### Data supplied

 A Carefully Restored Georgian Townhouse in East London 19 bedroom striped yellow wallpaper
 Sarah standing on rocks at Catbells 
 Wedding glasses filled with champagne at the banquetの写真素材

==

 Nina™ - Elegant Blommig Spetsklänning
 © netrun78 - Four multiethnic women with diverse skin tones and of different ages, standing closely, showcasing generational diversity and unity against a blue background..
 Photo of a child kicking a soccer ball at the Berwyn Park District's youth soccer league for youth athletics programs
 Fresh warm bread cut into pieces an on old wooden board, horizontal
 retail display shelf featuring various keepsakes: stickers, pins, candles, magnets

### Exercise directions
Considering only the material above, set down every line from the one with "Nina™ - Elegant Blommig Spetsklänning" to the one with "retail display shelf", inclusive, exactly as written.

### Solution to this exercise
 Nina™ - Elegant Blommig Spetsklänning
 © netrun78 - Four multiethnic women with diverse skin tones and of different ages, standing closely, showcasing generational diversity and unity against a blue background..
 Photo of a child kicking a soccer ball at the Berwyn Park District's youth soccer league for youth athletics programs
 Fresh warm bread cut into pieces an on old wooden board, horizontal
 retail display shelf featuring various keepsakes: stickers, pins, candles, magnets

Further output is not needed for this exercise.